Wednesday, February 1, 2012

Pageant Glory

I remember very vividly seeing my mom run down the stairs in this big auditorium with a grin from ear to ear the year before as I placed in my High School Beauty and Beau, and that is all I thought about while I waited for them to announce the top 25 finalist of the Miss Maroon and White Pageant 2009. As it got down to the final names, I decided it was time to head back to the dressing room and get out of my gown because there was no chance. Granted I was right and I didn't place, but something clicked inside of me. I began to tear up, and I refused to stay for the remainder of the pageant. I vowed right then and there that I was NEVER competing in another Pageant AGAIN! If you guessed that I "told a fib" (just for my mother) than you would be correct. This past year I decided that I wanted to give Miss Maroon and White another go, but I was going to do it ALL THE WAY OUT of my little constrained box. This time I was going to actually tell people I was in it and I was going to practice for my interview and "TRY" to get into shape. . .you know all the bells and whistles that most pageant girls do anyway. And that I did, I got three ads instead of one and tons of friend and family support. I was livid, but I was still in my old ways . . . I didn't want to get my hopes up at all. All I wanted was to make it to the top 25 finalist, and I did! Then the top 15 . . .then one of the 4 BEAUTIES!!! I was backstage having a field day every time I heard my name called!
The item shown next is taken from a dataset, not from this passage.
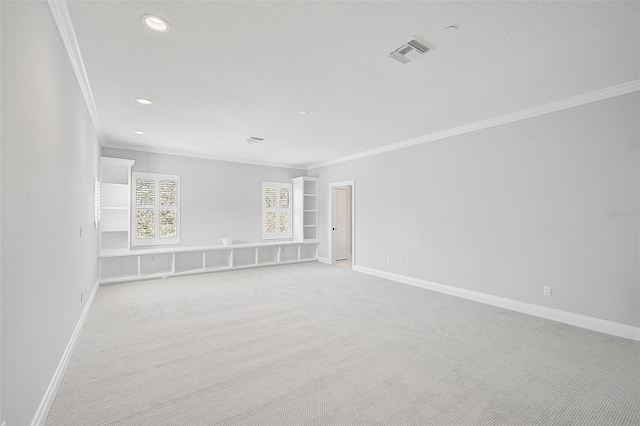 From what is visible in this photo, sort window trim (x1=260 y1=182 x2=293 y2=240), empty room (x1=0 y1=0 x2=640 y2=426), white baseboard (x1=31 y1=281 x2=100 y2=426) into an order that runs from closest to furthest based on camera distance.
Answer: white baseboard (x1=31 y1=281 x2=100 y2=426) → empty room (x1=0 y1=0 x2=640 y2=426) → window trim (x1=260 y1=182 x2=293 y2=240)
I couldn't believe this was happening with so many very gorgeous girls competing. I came to the conclusion that it was the fact that not only did I have fun with it (meeting and talking to all the girls, being excited about people knowing & just plain enjoying the stage), but I was being a better ME! I didn't know myself that well freshman year to compete but this time I knew exactly who I wanted the judges to see and they saw it. :) I am on a mental HIGH and I am loving every second of it.